Dataset entries below:

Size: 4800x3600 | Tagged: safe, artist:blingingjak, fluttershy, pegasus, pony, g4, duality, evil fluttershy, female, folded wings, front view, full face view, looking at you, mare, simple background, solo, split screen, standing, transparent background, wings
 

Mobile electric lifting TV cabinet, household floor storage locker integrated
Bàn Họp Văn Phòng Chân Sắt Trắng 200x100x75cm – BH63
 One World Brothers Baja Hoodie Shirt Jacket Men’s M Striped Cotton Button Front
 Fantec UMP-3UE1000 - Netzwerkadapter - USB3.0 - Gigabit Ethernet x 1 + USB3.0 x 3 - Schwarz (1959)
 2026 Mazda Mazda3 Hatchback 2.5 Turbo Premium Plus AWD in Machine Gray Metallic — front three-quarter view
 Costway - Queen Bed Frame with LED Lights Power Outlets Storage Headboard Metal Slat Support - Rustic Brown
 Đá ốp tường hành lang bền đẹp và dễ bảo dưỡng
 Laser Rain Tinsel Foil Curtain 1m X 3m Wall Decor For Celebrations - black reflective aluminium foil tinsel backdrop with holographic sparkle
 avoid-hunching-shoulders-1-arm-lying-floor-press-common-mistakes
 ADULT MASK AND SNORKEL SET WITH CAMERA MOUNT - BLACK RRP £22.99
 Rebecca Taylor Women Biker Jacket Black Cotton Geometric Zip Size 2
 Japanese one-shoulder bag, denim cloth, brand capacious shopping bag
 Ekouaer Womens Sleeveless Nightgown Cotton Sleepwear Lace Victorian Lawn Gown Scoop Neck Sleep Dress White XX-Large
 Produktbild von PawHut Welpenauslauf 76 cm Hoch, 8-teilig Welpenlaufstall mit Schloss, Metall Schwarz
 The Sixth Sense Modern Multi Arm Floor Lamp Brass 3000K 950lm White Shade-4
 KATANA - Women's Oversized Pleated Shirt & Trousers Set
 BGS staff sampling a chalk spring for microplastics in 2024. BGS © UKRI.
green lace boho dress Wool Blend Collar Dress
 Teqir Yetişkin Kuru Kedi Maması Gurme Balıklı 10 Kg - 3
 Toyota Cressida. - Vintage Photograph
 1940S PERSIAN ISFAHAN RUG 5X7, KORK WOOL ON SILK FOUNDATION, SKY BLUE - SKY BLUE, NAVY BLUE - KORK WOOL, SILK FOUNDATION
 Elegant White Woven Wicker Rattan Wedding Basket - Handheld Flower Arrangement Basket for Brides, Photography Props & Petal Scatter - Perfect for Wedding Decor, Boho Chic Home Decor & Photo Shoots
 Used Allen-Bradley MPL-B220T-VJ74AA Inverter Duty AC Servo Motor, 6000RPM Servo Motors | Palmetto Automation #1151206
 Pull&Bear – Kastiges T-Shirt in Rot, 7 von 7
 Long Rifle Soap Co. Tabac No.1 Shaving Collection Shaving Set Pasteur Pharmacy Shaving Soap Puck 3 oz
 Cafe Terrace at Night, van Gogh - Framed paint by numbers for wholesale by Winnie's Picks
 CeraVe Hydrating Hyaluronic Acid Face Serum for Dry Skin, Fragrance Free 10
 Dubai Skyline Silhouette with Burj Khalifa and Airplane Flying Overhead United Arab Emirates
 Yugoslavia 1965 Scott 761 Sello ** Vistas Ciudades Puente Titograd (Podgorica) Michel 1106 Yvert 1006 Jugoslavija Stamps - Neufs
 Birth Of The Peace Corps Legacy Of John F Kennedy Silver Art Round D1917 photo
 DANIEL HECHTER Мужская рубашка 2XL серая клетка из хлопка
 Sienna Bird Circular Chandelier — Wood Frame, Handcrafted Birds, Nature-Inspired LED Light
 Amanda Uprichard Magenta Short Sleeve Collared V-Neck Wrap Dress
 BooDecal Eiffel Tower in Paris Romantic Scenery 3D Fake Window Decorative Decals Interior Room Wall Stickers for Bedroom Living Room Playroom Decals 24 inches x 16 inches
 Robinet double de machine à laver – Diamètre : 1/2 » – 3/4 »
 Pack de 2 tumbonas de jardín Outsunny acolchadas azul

End of Dataset entries.

Task: Give back all the records above exactly as they were written.

Output:
Size: 4800x3600 | Tagged: safe, artist:blingingjak, fluttershy, pegasus, pony, g4, duality, evil fluttershy, female, folded wings, front view, full face view, looking at you, mare, simple background, solo, split screen, standing, transparent background, wings
 

Mobile electric lifting TV cabinet, household floor storage locker integrated
Bàn Họp Văn Phòng Chân Sắt Trắng 200x100x75cm – BH63
 One World Brothers Baja Hoodie Shirt Jacket Men’s M Striped Cotton Button Front
 Fantec UMP-3UE1000 - Netzwerkadapter - USB3.0 - Gigabit Ethernet x 1 + USB3.0 x 3 - Schwarz (1959)
 2026 Mazda Mazda3 Hatchback 2.5 Turbo Premium Plus AWD in Machine Gray Metallic — front three-quarter view
 Costway - Queen Bed Frame with LED Lights Power Outlets Storage Headboard Metal Slat Support - Rustic Brown
 Đá ốp tường hành lang bền đẹp và dễ bảo dưỡng
 Laser Rain Tinsel Foil Curtain 1m X 3m Wall Decor For Celebrations - black reflective aluminium foil tinsel backdrop with holographic sparkle
 avoid-hunching-shoulders-1-arm-lying-floor-press-common-mistakes
 ADULT MASK AND SNORKEL SET WITH CAMERA MOUNT - BLACK RRP £22.99
 Rebecca Taylor Women Biker Jacket Black Cotton Geometric Zip Size 2
 Japanese one-shoulder bag, denim cloth, brand capacious shopping bag
 Ekouaer Womens Sleeveless Nightgown Cotton Sleepwear Lace Victorian Lawn Gown Scoop Neck Sleep Dress White XX-Large
 Produktbild von PawHut Welpenauslauf 76 cm Hoch, 8-teilig Welpenlaufstall mit Schloss, Metall Schwarz
 The Sixth Sense Modern Multi Arm Floor Lamp Brass 3000K 950lm White Shade-4
 KATANA - Women's Oversized Pleated Shirt & Trousers Set
 BGS staff sampling a chalk spring for microplastics in 2024. BGS © UKRI.
green lace boho dress Wool Blend Collar Dress
 Teqir Yetişkin Kuru Kedi Maması Gurme Balıklı 10 Kg - 3
 Toyota Cressida. - Vintage Photograph
 1940S PERSIAN ISFAHAN RUG 5X7, KORK WOOL ON SILK FOUNDATION, SKY BLUE - SKY BLUE, NAVY BLUE - KORK WOOL, SILK FOUNDATION
 Elegant White Woven Wicker Rattan Wedding Basket - Handheld Flower Arrangement Basket for Brides, Photography Props & Petal Scatter - Perfect for Wedding Decor, Boho Chic Home Decor & Photo Shoots
 Used Allen-Bradley MPL-B220T-VJ74AA Inverter Duty AC Servo Motor, 6000RPM Servo Motors | Palmetto Automation #1151206
 Pull&Bear – Kastiges T-Shirt in Rot, 7 von 7
 Long Rifle Soap Co. Tabac No.1 Shaving Collection Shaving Set Pasteur Pharmacy Shaving Soap Puck 3 oz
 Cafe Terrace at Night, van Gogh - Framed paint by numbers for wholesale by Winnie's Picks
 CeraVe Hydrating Hyaluronic Acid Face Serum for Dry Skin, Fragrance Free 10
 Dubai Skyline Silhouette with Burj Khalifa and Airplane Flying Overhead United Arab Emirates
 Yugoslavia 1965 Scott 761 Sello ** Vistas Ciudades Puente Titograd (Podgorica) Michel 1106 Yvert 1006 Jugoslavija Stamps - Neufs
 Birth Of The Peace Corps Legacy Of John F Kennedy Silver Art Round D1917 photo
 DANIEL HECHTER Мужская рубашка 2XL серая клетка из хлопка
 Sienna Bird Circular Chandelier — Wood Frame, Handcrafted Birds, Nature-Inspired LED Light
 Amanda Uprichard Magenta Short Sleeve Collared V-Neck Wrap Dress
 BooDecal Eiffel Tower in Paris Romantic Scenery 3D Fake Window Decorative Decals Interior Room Wall Stickers for Bedroom Living Room Playroom Decals 24 inches x 16 inches
 Robinet double de machine à laver – Diamètre : 1/2 » – 3/4 »
 Pack de 2 tumbonas de jardín Outsunny acolchadas azul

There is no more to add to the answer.